A very strong trading statement from Michael Page has driven the shares in the recruitment company up almost 5 per cent this morning. Q4 gross profits would be nearly a third higher than last year, it said.

BA has confirmed the details of its pensions deal with the unions, which we wrote about in Saturday’s paper. A lively debate now begins on whether this clears the way for someone to make a bid for BA (Collins Stewart says yes) or whether foreign ownership laws and open skies talks would prevent this, as Citigroup claims.

Jessops, the seller of photographic equipment, has become the latest specialist retailer to struggle over Christmas. It said this morning that sales in the run-up to Christmas fell sharply compared with the year before because of supply problems for some of the most popular models of camera. It also blamed a lack of demand for compact digital cameras. The shares fell 13 per cent.

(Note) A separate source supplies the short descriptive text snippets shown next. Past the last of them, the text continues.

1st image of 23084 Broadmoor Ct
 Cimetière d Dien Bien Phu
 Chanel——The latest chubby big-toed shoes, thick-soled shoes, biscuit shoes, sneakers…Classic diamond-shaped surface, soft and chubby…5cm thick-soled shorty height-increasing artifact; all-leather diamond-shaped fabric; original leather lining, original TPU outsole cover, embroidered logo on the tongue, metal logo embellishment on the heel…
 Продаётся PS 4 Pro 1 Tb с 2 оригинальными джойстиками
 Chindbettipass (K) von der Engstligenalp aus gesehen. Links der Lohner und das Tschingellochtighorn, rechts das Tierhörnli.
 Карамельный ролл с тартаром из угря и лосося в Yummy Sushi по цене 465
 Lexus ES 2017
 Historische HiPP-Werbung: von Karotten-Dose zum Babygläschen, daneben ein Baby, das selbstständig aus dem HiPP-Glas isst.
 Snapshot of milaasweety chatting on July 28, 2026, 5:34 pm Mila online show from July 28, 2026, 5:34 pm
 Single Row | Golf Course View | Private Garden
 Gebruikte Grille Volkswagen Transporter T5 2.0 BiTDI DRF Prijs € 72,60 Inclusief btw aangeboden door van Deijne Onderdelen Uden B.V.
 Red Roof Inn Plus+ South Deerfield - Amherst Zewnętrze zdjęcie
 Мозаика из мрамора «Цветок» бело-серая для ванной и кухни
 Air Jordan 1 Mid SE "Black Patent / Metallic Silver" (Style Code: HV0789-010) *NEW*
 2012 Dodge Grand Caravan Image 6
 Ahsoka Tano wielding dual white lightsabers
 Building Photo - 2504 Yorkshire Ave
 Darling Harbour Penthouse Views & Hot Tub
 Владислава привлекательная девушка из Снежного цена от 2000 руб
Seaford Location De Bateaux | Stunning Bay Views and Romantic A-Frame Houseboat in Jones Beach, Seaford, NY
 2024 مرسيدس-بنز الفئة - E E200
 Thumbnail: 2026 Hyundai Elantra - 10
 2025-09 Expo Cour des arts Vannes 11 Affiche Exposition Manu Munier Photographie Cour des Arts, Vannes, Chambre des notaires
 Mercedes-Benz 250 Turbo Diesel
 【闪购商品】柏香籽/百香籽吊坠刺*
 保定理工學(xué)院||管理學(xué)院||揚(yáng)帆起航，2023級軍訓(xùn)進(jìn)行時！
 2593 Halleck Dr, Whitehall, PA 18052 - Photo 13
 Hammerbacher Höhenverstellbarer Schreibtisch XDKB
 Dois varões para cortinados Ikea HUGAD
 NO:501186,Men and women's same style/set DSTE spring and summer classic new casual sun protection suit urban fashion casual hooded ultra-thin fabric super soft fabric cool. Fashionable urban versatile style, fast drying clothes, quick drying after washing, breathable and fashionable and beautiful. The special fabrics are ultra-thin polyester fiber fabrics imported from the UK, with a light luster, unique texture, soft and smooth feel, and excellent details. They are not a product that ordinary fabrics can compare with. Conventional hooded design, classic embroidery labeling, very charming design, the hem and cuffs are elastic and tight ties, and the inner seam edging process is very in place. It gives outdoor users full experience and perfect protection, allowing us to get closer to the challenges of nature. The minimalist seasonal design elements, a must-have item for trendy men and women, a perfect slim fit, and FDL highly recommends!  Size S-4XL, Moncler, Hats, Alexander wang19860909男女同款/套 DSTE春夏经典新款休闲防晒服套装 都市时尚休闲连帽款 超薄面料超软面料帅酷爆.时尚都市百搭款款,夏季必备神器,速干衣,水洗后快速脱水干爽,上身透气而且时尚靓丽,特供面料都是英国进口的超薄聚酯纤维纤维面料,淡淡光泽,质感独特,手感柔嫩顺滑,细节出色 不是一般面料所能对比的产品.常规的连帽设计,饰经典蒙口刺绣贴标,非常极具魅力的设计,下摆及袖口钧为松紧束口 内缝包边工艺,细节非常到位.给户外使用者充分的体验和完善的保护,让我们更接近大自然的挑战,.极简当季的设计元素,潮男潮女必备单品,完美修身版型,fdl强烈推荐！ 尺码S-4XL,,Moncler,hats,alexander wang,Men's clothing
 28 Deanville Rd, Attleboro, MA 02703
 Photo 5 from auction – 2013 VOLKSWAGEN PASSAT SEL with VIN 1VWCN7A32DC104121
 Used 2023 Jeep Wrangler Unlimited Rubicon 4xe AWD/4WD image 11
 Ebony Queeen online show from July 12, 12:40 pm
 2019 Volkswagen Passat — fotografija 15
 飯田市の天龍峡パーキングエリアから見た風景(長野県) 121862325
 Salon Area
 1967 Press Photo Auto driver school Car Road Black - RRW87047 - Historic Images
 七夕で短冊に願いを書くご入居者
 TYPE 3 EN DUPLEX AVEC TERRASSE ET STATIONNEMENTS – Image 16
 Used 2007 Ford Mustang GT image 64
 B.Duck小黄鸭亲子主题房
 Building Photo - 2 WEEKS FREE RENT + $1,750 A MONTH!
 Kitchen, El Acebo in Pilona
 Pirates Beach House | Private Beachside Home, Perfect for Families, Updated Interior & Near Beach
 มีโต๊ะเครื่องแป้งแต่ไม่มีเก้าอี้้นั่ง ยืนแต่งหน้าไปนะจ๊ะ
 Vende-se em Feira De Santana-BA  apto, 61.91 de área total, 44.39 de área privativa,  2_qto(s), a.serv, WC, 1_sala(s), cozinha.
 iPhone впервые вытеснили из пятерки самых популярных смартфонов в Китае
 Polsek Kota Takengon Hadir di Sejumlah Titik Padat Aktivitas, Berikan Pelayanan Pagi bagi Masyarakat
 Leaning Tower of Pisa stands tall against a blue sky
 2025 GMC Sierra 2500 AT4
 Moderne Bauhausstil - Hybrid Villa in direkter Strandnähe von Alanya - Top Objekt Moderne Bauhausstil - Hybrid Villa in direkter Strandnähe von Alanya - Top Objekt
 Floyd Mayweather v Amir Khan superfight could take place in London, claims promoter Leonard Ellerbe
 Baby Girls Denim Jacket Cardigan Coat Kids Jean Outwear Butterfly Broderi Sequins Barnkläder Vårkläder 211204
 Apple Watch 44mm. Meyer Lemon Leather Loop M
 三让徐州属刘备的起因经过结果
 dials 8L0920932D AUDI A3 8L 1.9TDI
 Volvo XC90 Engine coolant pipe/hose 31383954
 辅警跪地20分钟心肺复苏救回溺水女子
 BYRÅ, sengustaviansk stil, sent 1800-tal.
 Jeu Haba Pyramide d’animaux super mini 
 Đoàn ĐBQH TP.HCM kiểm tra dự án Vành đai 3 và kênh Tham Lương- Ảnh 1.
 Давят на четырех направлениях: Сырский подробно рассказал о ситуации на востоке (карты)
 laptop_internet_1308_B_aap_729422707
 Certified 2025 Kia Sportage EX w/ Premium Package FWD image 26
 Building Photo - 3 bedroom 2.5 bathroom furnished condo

Check out the transcript of our interview with HSBC chairman Stephen Green. Pick you way down and you will see him admitting to “execution mistakes” in his answer to Peter Thal Larsen’s question about Household’s problems. He also admits to being slow off the mark in eastern Europe but sounds quite aggressive about the insurance business. Investment banking, he thinks, “earns at least the group average return on investment, it’s just fine” – which is a long way short of exciting. That the chairman of a bank as conservative as HSBC should have chosen to defend his bank’s record during its close period indicates how jumpy he feels about how badly it is perceived at the moment. We’ll have more to say about all this in tomorrow’s paper.

Rumour of the Day: It’s quiet out there but there is vague talk of a Balfour Beatty bid for WS Atkins.